# Hello



## aurora borealis (Dec 5, 2015)

Hello everyone! I'm Olivia. I like writing a little bit of everything, although I prefer to read fantasy, science fiction, and historical fiction. Outside of writing, I like reading, graphic design, sports, and music. I'd like to become a better writer and get to know all of you.


----------



## escorial (Dec 5, 2015)

View attachment 10815


----------



## Blade (Dec 5, 2015)

:hi:Welcome to the forums Olivia.

You have chosen a really catchy user name, the promise of great things.:eagerness: The trick to being a good writer is patience and lots of practice and I know will find lots of members on the boards that share the same goals.

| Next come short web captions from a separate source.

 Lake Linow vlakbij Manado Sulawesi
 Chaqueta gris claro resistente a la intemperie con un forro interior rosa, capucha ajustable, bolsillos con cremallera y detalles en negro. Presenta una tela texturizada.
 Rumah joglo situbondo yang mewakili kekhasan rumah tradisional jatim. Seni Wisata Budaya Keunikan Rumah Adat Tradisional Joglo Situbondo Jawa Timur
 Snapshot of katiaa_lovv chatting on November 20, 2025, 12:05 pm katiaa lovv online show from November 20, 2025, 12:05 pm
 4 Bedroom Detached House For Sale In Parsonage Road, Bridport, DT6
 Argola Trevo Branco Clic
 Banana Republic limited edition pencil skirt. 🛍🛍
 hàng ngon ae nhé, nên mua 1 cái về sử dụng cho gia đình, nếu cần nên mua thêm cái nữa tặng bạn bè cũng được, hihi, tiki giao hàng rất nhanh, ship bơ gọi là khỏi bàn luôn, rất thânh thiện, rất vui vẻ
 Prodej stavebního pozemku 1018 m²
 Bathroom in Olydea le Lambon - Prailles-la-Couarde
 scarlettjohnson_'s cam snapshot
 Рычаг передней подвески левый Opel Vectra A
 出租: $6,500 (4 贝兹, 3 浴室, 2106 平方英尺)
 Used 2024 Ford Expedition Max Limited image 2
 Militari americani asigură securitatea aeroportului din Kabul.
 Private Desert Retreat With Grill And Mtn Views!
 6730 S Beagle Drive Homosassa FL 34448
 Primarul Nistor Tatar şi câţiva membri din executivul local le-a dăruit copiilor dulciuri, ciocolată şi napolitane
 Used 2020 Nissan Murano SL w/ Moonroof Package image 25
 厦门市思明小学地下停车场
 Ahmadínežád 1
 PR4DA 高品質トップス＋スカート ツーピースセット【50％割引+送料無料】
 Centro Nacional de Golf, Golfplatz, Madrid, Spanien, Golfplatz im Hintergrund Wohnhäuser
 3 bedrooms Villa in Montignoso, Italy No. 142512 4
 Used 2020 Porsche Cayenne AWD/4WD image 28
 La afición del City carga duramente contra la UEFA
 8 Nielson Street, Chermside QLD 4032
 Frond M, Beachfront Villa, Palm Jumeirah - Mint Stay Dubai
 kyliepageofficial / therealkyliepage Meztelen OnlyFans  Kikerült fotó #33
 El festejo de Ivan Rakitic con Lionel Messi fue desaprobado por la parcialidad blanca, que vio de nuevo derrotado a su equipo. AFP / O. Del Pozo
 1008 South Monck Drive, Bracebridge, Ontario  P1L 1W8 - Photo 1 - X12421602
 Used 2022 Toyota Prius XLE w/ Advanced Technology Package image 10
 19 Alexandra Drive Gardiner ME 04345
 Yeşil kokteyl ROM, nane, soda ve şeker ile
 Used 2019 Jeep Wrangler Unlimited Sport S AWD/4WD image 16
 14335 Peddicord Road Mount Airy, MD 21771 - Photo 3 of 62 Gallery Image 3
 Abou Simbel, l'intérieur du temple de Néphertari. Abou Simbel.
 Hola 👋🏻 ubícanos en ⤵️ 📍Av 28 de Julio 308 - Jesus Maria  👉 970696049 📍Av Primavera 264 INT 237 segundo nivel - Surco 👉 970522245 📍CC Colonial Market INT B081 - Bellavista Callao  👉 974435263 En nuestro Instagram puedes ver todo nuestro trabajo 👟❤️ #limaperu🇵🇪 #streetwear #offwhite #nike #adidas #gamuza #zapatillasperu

Please have a good look around and and see all that is going on and ask any questions if need be. Good luck in you writing endeavours.


----------



## aj47 (Dec 5, 2015)

Welcome to the community.  We're an eclectic bunch, writing everything from flash fiction to novels to poetry and more!  Whatever you do, you'll fit in just fine.  

If you hang around and make ten meaningful posts, you'll be able to start threads in the creative boards. Also, you'll have access to our challenges.  We have regular fiction, non-fiction, and poetry challenges, plus something called Colors of Fiction. CoF is about taking someone else's story and owning it (like doing a different take on it).  Hang out, be friendly and you'll get to level up in no time.


----------



## Bard_Daniel (Dec 6, 2015)

Hi aurora borealis!

And now, for a Simpsons reference:

[video=youtube;S-yTpaESzkU]https://www.youtube.com/watch?v=S-yTpaESzkU[/video]

We're a good lot here and we've got a solid community. Astroannie has already mentioned the ten posts and competitions, so I'll just let you know we have a Mentor Directory that you may find useful if you're looking for a bit of guidance.

See you around! : D


----------



## Aquilo (Dec 8, 2015)

Nice to meet you, Olivia.


----------



## TheWonderingNovice (Dec 8, 2015)

Hey Olivia

We are so happy to have you here. You'll find a home for all of your work and we will be more than happy to read them all. We are a supportive community, feel free to come us with anything.

Can't wait to read your work 

- TWN


----------



## RhythmOvPain (Dec 8, 2015)




----------



## Gumby (Dec 8, 2015)

Hi aurora b, I like your name, well actually, both your username and Olivia. One is out of this world and the other is so down to earth. Nice. Welcome to the site!


----------



## HunterJonson (Dec 10, 2015)

Hello Olivia pleased to meet you :thumbl:


----------



## jenthepen (Dec 10, 2015)

Welcome, Olivia, glad you joined us. 

jen


----------